Expedição urbana à procura de âmbar cinzento


O passeio pelo anúncio do perfume lembrou-me a história do âmbar cinzento que costumo levar às escolas. Nos intestinos de uma parte dos cachalotes forma-se um material que, depois de abandonar o corpo do animal, de forma natural ou violenta, e secar, tem um odor característico devido essencialmente a uma molécula, o ambóxido, também conhecida por ambrox.

Com o declínio da caça à baleia, em boa parte devido à evolução da química, esse material era quase a única coisa com valor para a sua caça artesanal, como é contado em "Mau tempo no Canal" de Vitorino Nemésio. Hoje em dia, o ambróxido pode ser obtido a partir de esclariol, uma molécula presente num tipo de sálvia (Salvia sclarea) que ainda não encontrei, mas que tem semelhanças com a da fotografia do lado (Salvia splendens, foto obtida em Cantanhede, mas que costuma tambem estar plantada na rotunda do Papa em Coimbra). Dessa forma não é necessário caçar baleias para obter ambróxido.

Depois de consultar o site Fragrantica seleccionei um conjunto de perfumes para investigar (essencialmente perfumes masculinos: Obsessed da Calvin Klein, Not a Perfume, Into the Void, Anyway, White Spirit, Another Oud, todos da Juliette has a Gun, Sauvage da Dior, Dyln Blue da Versase, Luna Rossa da Parda, L'imensité da Vuitton, Gentleman's only da Givenchy, Kenzo World, Toni, A Better Man, L'étoile noir, Electric Wood, This is not a Blue Bottle, etc). Curiosamente, encontrei também dois da Zara, um deles, 4MBROX, aproximando-se do conceito do Not a Perfume (uma só molécula, ambróxido e álcool), o 4MBROX, que tem na composição do seu aroma ambróxido, almíscar e cedro.

Ao fim do dia, consegui ir a um centro comercial e a uma perfumaria fazer o trabalho de campo. Encontrei o perfume 4AMBROX (figura ao lado) e cerca de metade dos perfumes identificados cujos aromas registei num caderno (acima).

O Not a Perfume da Juliette has a Gun não estava disponível para testar, mas recordo a primeira vez que o encontrei  numa outra perfumaria. Trata-se de um perfume que tem apenas ambróxido em álcool (daí a provocação de "não ser um perfume") e o cheiro perdurou meses no caderno em que guardei o papel impregnado.
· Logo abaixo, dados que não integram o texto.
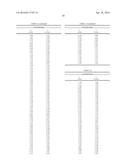 TURBINE BLADE AIRFOIL AND TIP SHROUD diagram and image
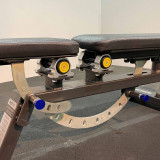 Скамья универсальная, мобильная DHZ Super Bench A3039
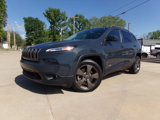 Used 2016 Jeep Cherokee 75th Anniversary image 2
Este perfume provocador custa dezenas de euros, enquanto que os três gramas de ambŕoxido que comprei custam cinco euros. No entanto, o custo de um perfume é devido também a todo o seu processo de desenvolvimento e este resultou de uma ideia nova. Curiosamente o 4MBROX refere a questão da molécula de ambóxido (ambrox) na caixa (carregar na imagem para ler) e, de facto, depois de aplicado. o cheiro que permanece é o desta molécula.
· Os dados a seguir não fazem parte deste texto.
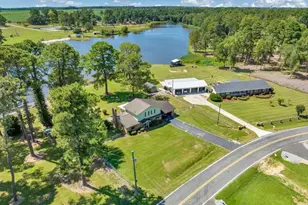 443 Lakeshore Rd, Pelham, GA 31779 - Photo 4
Os perfumes são um mundo de química olfativa, analíitica e sintética. Embora o mais visível seja o design, os criadores, os anúncios e os modelos que os promovem, sem os químicos não seria possível toda a diversidade que temos à disposição.

Anúncio de um perfume por toda a cidade: qual é a sua química?

Enquanto espero pelo autocarro reparo neste anúncio de um perfume. Qual será a sua química? O site Fragrantica diz que foi criado em 2017 por Oliver Polgue e tem notas superiores (aromas mais voláteis) de mandarina, toranja e passas; coração (aromas de volatilidade média) de tuberosa, ylang-ylang, jasmim, lírio-dos-vales, pimenta vermelha, pêra e flor de laranjeira; e base (aromas de menor volatilidade) de sândalo, almíscar, raiz de íris e cachemira. Cada um destes constituintes, dissolvidos em álcool com um pouco de água, tem, por seu lado, aromas que resultam, em geral, de misturas complexas de compostos. Intrigou-me o nome cachemira. Um pouco de pesquisa na maior biblioteca do mundo (a internet) e confirma-se que se trata de uma molécula sintética, obtida nos anos 1970 por John Hall, cujo odor parece ser difícil de descrever. As propriedades desta molécula estão muito bem estudadas, como pode ser seguido pelos links da wikipedia. O cartaz está por toda a cidade e a actriz é Kristen Stewart.